::: Data supplied :::

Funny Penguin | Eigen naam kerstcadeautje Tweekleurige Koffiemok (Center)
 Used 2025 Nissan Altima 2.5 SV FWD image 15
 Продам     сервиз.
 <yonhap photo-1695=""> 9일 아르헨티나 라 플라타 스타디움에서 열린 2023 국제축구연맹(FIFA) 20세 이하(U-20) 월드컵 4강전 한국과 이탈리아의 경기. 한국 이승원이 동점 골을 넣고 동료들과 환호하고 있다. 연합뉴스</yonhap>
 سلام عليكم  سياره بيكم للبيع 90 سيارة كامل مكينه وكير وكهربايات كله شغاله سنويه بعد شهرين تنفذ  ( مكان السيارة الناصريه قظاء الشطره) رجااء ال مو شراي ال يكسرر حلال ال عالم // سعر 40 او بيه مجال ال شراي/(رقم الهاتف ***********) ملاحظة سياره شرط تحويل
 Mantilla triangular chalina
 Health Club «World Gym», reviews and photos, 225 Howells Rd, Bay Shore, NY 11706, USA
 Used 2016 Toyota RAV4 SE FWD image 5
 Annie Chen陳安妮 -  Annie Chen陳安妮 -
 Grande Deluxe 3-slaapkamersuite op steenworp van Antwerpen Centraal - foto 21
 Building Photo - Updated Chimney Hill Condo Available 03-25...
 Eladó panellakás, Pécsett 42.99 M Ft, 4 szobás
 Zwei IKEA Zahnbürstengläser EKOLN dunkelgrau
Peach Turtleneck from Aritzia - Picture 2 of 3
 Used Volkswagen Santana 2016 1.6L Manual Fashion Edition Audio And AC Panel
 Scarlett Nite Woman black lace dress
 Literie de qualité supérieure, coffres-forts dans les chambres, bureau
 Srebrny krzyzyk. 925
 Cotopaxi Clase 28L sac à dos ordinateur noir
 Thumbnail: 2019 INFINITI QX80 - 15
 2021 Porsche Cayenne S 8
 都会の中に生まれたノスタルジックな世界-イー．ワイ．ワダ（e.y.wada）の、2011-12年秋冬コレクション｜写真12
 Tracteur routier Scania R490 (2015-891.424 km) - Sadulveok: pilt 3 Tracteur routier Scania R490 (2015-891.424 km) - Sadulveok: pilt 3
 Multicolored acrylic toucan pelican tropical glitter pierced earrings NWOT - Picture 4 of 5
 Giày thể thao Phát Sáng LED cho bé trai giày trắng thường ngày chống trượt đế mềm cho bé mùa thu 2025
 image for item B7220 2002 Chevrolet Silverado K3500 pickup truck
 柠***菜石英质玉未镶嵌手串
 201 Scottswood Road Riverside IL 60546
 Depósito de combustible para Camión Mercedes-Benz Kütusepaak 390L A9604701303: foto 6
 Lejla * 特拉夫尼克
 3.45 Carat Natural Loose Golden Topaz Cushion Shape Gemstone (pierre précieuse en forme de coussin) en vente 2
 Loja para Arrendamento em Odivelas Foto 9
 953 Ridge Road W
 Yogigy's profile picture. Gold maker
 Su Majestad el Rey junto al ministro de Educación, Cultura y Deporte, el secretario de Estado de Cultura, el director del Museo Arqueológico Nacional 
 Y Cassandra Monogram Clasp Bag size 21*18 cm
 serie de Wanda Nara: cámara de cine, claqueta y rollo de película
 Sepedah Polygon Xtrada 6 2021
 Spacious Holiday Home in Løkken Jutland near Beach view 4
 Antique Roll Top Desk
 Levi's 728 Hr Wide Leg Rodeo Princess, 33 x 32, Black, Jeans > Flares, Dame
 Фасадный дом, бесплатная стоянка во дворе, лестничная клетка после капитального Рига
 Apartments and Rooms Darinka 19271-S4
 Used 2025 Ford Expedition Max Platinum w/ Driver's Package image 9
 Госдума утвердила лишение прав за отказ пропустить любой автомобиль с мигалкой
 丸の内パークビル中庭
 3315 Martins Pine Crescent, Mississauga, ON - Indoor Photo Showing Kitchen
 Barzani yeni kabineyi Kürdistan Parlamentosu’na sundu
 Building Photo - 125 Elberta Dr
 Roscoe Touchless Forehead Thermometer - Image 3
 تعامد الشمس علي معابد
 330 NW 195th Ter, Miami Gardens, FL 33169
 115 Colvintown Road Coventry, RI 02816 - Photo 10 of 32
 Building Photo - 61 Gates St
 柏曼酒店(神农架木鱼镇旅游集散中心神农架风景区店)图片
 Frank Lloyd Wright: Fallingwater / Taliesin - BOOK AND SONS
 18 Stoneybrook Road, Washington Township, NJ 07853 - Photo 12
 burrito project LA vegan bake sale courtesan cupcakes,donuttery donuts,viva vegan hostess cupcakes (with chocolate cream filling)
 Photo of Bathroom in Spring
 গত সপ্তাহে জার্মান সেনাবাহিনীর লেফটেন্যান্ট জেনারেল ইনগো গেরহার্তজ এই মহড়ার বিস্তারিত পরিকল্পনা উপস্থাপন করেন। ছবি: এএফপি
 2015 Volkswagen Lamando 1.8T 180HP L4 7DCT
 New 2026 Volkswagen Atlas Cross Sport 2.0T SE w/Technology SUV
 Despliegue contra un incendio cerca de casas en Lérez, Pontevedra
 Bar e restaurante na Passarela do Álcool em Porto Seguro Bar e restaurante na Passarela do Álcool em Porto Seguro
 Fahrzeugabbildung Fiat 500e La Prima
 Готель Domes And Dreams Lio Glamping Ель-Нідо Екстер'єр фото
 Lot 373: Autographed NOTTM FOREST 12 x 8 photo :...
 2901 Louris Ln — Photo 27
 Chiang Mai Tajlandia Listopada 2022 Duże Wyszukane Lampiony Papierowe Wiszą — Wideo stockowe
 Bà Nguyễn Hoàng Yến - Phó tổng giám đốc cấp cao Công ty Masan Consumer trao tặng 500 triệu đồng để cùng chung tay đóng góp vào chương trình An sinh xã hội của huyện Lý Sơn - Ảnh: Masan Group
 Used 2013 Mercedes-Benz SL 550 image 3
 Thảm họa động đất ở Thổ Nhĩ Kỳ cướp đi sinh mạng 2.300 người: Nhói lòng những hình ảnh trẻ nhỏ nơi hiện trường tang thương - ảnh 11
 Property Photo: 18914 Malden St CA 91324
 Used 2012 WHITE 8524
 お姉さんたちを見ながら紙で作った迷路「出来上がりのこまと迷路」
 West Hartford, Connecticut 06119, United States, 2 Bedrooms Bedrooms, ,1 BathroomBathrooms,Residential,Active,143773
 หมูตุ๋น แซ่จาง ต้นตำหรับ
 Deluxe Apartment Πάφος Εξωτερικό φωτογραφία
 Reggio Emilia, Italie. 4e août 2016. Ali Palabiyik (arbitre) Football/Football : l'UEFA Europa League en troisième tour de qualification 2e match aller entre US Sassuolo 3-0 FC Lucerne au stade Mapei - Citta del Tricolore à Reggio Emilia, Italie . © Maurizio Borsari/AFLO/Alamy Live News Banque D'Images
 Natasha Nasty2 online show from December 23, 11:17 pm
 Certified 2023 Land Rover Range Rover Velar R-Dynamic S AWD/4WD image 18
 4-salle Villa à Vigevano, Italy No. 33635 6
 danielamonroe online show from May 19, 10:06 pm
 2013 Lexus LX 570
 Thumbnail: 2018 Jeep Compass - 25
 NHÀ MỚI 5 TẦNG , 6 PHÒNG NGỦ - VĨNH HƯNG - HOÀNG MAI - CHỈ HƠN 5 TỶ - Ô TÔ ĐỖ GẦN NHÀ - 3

:::

### Your task
Only one stretch of the records above is wanted: the lines between the one holding "Mantilla triangular chalina" and the one holding "Zwei IKEA Zahnbürstengläser EKOLN dunkelgrau", inclusive, reproduced exactly.

### Your solution
 Mantilla triangular chalina
 Health Club «World Gym», reviews and photos, 225 Howells Rd, Bay Shore, NY 11706, USA
 Used 2016 Toyota RAV4 SE FWD image 5
 Annie Chen陳安妮 -  Annie Chen陳安妮 -
 Grande Deluxe 3-slaapkamersuite op steenworp van Antwerpen Centraal - foto 21
 Building Photo - Updated Chimney Hill Condo Available 03-25...
 Eladó panellakás, Pécsett 42.99 M Ft, 4 szobás
 Zwei IKEA Zahnbürstengläser EKOLN dunkelgrau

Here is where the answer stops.